Володько покосился на шурина, но спорить не стал.

– Прав ты, брате! – вымолвил, отвесив Ростиславу легкий поклон. – Потому не пойдем открыто.

– Это как? – встрял Давыд. – Шапки-невидимки наденем?

Князья, не сговариваясь, ухмыльнулись. Володько, однако, не смутился.

– Шапок-невидимок у нас нет, – сказал спокойно. – А вот другие найдем.

– Какие? – заинтересовался Давыд.

– Два отряда пойдут в Галич и Звенигород, ряженные купцами. Следует выбрать людей, коих там не ведают. Лучше твоих, брате! – Володько поклонился Давыду. – Они, поди, в Галиче-то не бывали. Охрана у купцов, как водится, оружная, никто не спросит, зачем при мечах и в бронях. Придут и поселятся в городах. Остальные пойдут ночами, днем станут хорониться в лесах. Пути мною знаемые! – Володько провел пальцем по свитку. – Тех, кто на Галич, поведу сам, другим проводников дам, они у меня добрые. Смоки ночами не летают, а разъезды тропы не стерегут – проверяли. Как придем близко, снесемся со своими в Галиче и Звенигороде. После чего ударим разом! Ночью! Иван нас не ждет. Ряженые упокоят сторожу, откроют ворота, мы ворвемся и захватим их сонными!
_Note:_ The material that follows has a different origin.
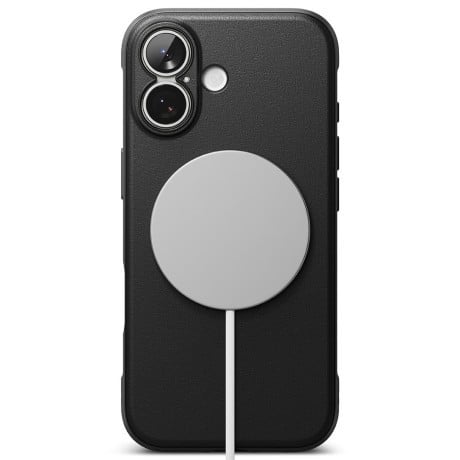 Оригінальний чохол Ringke Onyx Magnetic з MagSafe на iPhone 17 - Black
Повезет – возьмем Ивана, а не выйдет, так что он сделает? Попробуй выбей из городов! – Володько обвел собравшихся торжествующим взглядом.

«А ведь умно придумано! – подумал Святослав. – Воевать Володько умеет. Еще б и разума Бог дал!»

– А как смоки? – подал голос Ростислав.

– Забыл, брате, как порешили смока в Белгороде? – усмехнулся Володько. – На стенах городов – самострелы, из него ведь того смока убили? В городе змеям нас не взять. К тому же ведомо, где Иван смоков держит. Прежде чем взять Звенигород, отправим людей с самострелами – это недалеко – и побьем змеев спящими. Уцелеет один-другой – не беда. Без дружины, а мы ее вырежем, смоки разве что напугать могут.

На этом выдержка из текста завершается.